▸ **Information provided**:

== Segment start ==

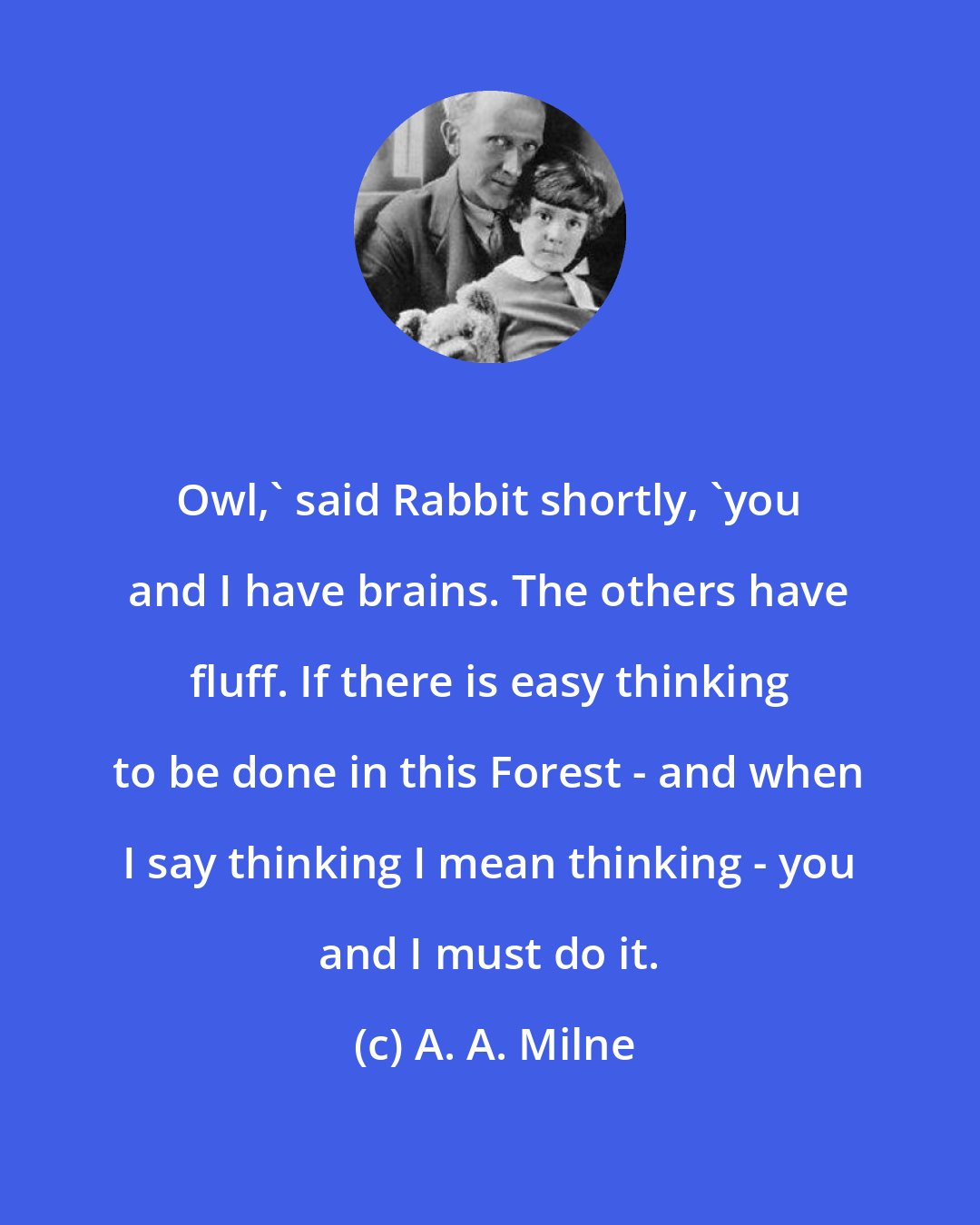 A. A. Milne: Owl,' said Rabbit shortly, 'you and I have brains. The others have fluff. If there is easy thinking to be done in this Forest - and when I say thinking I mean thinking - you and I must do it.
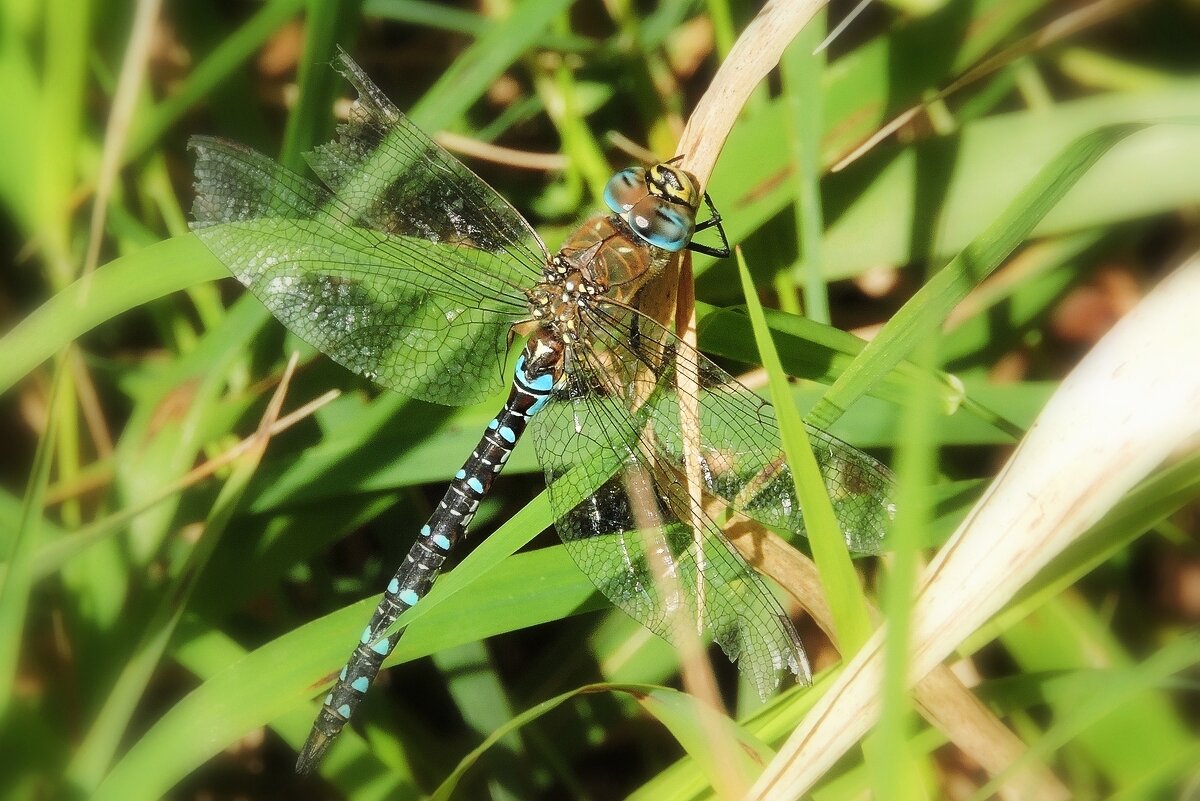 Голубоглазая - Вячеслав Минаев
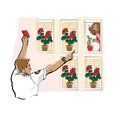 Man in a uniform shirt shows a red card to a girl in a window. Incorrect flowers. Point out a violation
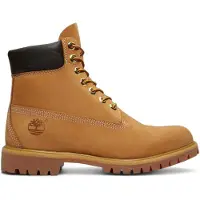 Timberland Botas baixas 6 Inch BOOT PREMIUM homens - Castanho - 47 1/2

== Segment end ==

Please write out, word for word, each line from the one with "Man in a uniform" to the last line of the data, keeping both ends and omitting pictures.

▸ **Result of the exercise**:
 Man in a uniform shirt shows a red card to a girl in a window. Incorrect flowers. Point out a violation
 Timberland Botas baixas 6 Inch BOOT PREMIUM homens - Castanho - 47 1/2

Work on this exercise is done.